Антон Николаевич не был так молод и так самонадеян, чтобы самому гнаться за обманчивым поблеском Золотой Звезды или значком сталинского лауреата, чтобы собственными руками подхватывать каждое задание министерства или даже самого Хозяина. Антон Николаевич был уже достаточно опытен и в годах, чтобы избегать этих спаянных вместе волнений, взлётов и глубин.
Придерживаясь таких взглядов, он безбедно существовал до января тысяча девятьсот сорок восьмого года. В этом январе Отцу восточных и западных народов кто-то подсказал идею создать особую секретную телефонию — такую, чтоб никто никогда не мог бы понять, даже перехватив, его телефонный разговор. Такую, чтоб можно было с кунцевской дачи разговаривать с Молотовым в Нью-Йорке. Августейшим пальцем с жёлтым пятном никотина у ногтя генералиссимус выбрал на карте объект Марфино, до того занимавшийся созданием портативных милицейских радиопередатчиков. Исторические слова при этом были сказаны такие:
— За-чэм мне эти передатчики? Квар-тырных варов ловить?
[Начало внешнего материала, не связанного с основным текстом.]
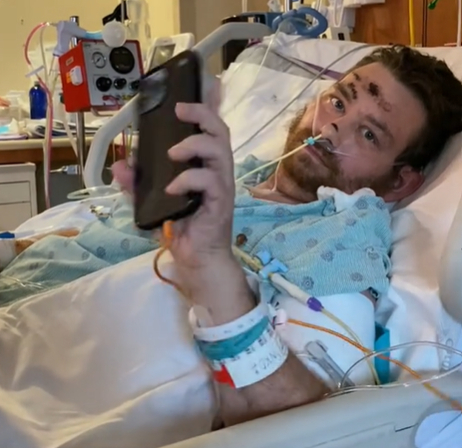 30대 후반 미국 남성 스티븐 스피날레는 사타구니에 생긴 인그로운 헤어를 무리하게 뽑다 패혈성 쇼크로 혼수상태에 빠졌으나, 여러 차례의 수술 후 기적적으로 의식을 되찾았다. [사진=데일리메일]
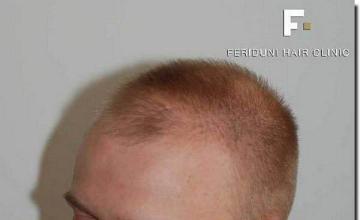 Hair restoration procedure results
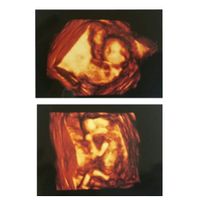 Futuras mamás abril 2017 - 1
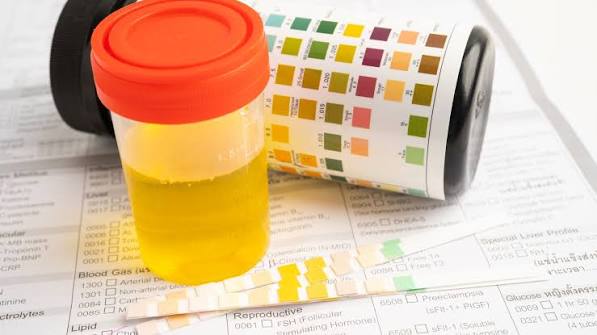 urinalysis dipstick results showing protein blood nitrite and leukocyte esterase findings for kidney and UTI screening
И сроку дал — до первого января сорок девятого года. Потом подумал и добавил:
— Ладна, да первого мая.
Задание было сверхответственно и исключительно по сжатому сроку. В министерстве подумали — и определили Яконову вытаскивать Марфино самому. Напрасно тщился Яконов доказать свою загруженность, невозможность совмещения. Начальник Отдела Фома Гурьянович Осколупов посмотрел кошачьими зеленоватыми глазами — Яконов вспомнил замаранность своей анкеты (он шесть лет просидел в тюрьме) и смолк.
С тех пор, скоро два года, пустовал кабинет главного инженера Отдела в апартаментах министерства. Главный инженер дневал и ночевал в загородном здании бывшей семинарии, венчавшейся шестиугольной башнею над куполом упразднённого алтаря.